The Role of the Calvin Cycle
For higher plants as well as algae, a single primary carboxylation mechanism occurs. This mechanism then results in the synthesis of carbon compounds, namely the pentose phosphate pathway. This cycle is the only path that must be passed by autotrophic organisms , both chemosynthesis and photosynthesis, which will potentially lead to the incorporation of inorganic materials in living things.

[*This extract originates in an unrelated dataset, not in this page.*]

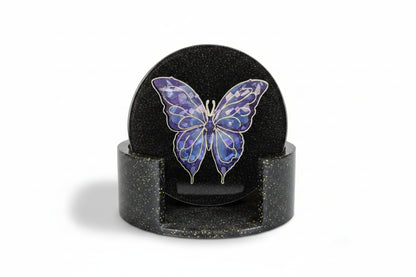 **Handcrafted Midnight Black Butterfly Resin Coaster Set with Holder - Black & Silver Celestial Decor | Crazy Chaotic Crafter**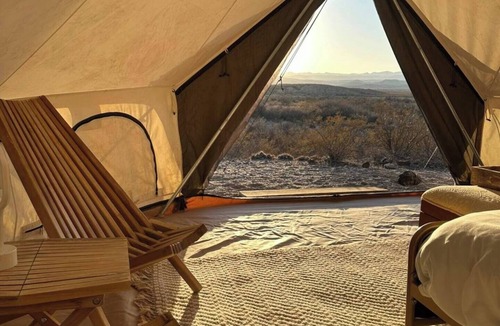 Alpine RV Rental | Terlingua Glamping with stunning desert views & queen bed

The products produced by these cycles have great benefits for the biosphere. This is because the resulting covalent bonds will represent the amount of energy obtained from the light of photosynthetic organisms. Organisms belonging to the autotroph type will release most of their energy through cellular respiration and glycolysis.
This energy will later be useful for maintaining growth, development, and reproduction. Most of the plants will later be consumed by heterotrophs that cannot synthesize themselves but only depend on autotrophs for their energy needs.